神様は一人二人と数えずに一柱(ひとはしら)二柱(ふたはしら)と数えます。現在の祭神は上記四柱です。実は全国に614社ある住吉神社と同じ祭神様を祀(まつ)っております。
主祭神の底筒男命と中筒男命と表筒男命の三柱は「住吉大神(すみよしのおおかみ)と総称され、『古事記』『日本書紀』では二つの場面で登場する神々です。
この三神は「日本書記」に黄泉の国(よみのくに)から帰った伊弉諾尊(いざなぎのみこと)が身についた穢れ(けがれ)を清めるため、川の中で禊(みそぎ)を行った際に生まれた神々であると記されています。
そのあと、神功皇后の新羅出征に際しては、住吉大神の教えと御加護により、無事に戦勝を果たしたため、長門(現・山口県下関市)に荒御魂(あらみたま・活動的な働きの神)を、摂津(現・大阪市)に和御魂(にぎみたま・穏やかな働きの神)を祀(まつ)る神社を創建したのが、住吉大社・住吉神社の起源であるとされています。
こうした起源などにより、海上安全の神として信仰され、住吉大社では遣唐使派遣の際に、渡航安全の祈願がおこなわれました。庶民からは漁業の神として、水に結び付くため農耕神としての信仰を集めるほか、近世以降の商業発展とともに、各業種にわたる崇敬を広く集め、商売繁盛の神としても崇められています。

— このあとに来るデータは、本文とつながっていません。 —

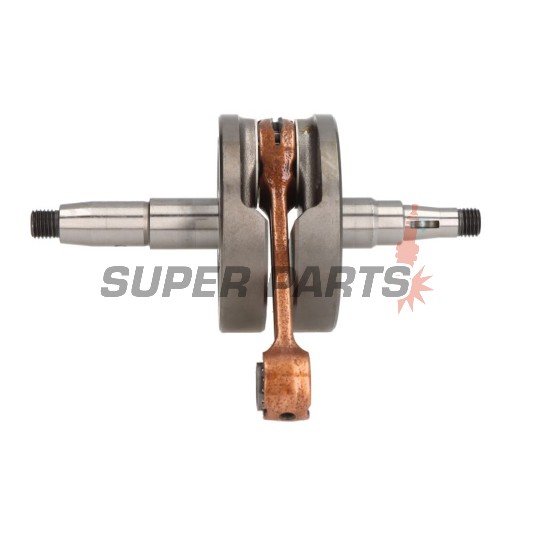 Στροφάλου άξονας -HOT RODS- KTM 50 SX (06-08); 50 SX PRO JR (04-08); 50 SX PRO SR (04-05)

『古事記』『日本書紀』は神社神道に多大な影響を与えており、日本神話の歴史解説書的な面や日本人の精神世界を伝えるバイブル的側面もあります。『古事記』は712年、『日本書紀』は720年、いずれも8世紀のはじめにまとめられた歴史書です。神代から書き始められ、『古事記』は推古天皇、『日本書紀』は持統天皇というように共に女帝で終わっているところも同じです。また、両書とも編纂の出発点が、7世紀後半の天武朝にあるという点も一致しています。